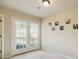 Bright bedroom with double doors leading to a private balcony at 5105 Deepwater Cv, Acworth, GA 30101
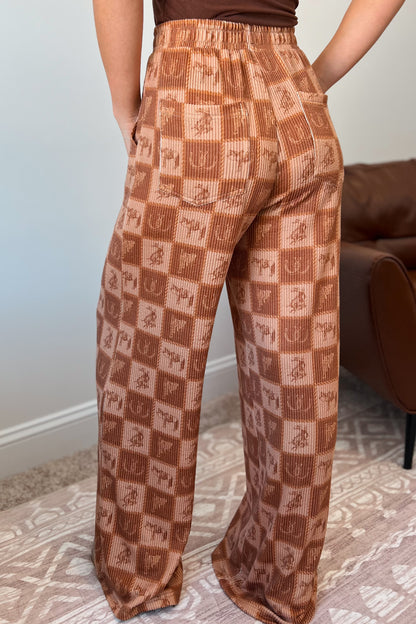 Brown wide-leg ribbed pants with elastic waistband, front pockets, and western checkered print featuring horses and horseshoes.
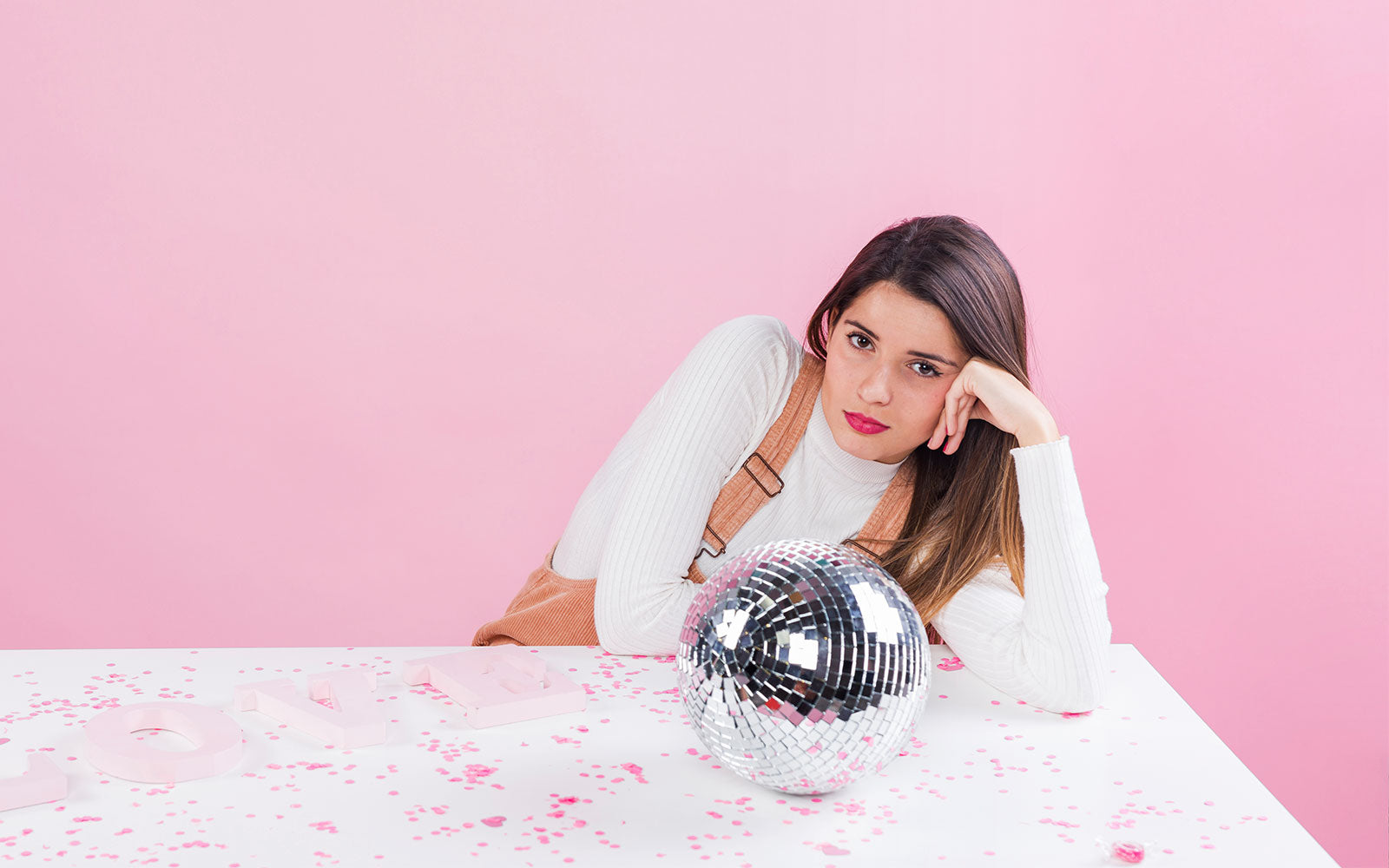 Image of a bored-looking woman leaning on a marble table top with a silver disco ball in front of her. Set against a pink wall.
● ● ●
An exact reproduction of the material is needed, without its images.

 Bright bedroom with double doors leading to a private balcony at 5105 Deepwater Cv, Acworth, GA 30101
 Brown wide-leg ribbed pants with elastic waistband, front pockets, and western checkered print featuring horses and horseshoes.
 Image of a bored-looking woman leaning on a marble table top with a silver disco ball in front of her. Set against a pink wall.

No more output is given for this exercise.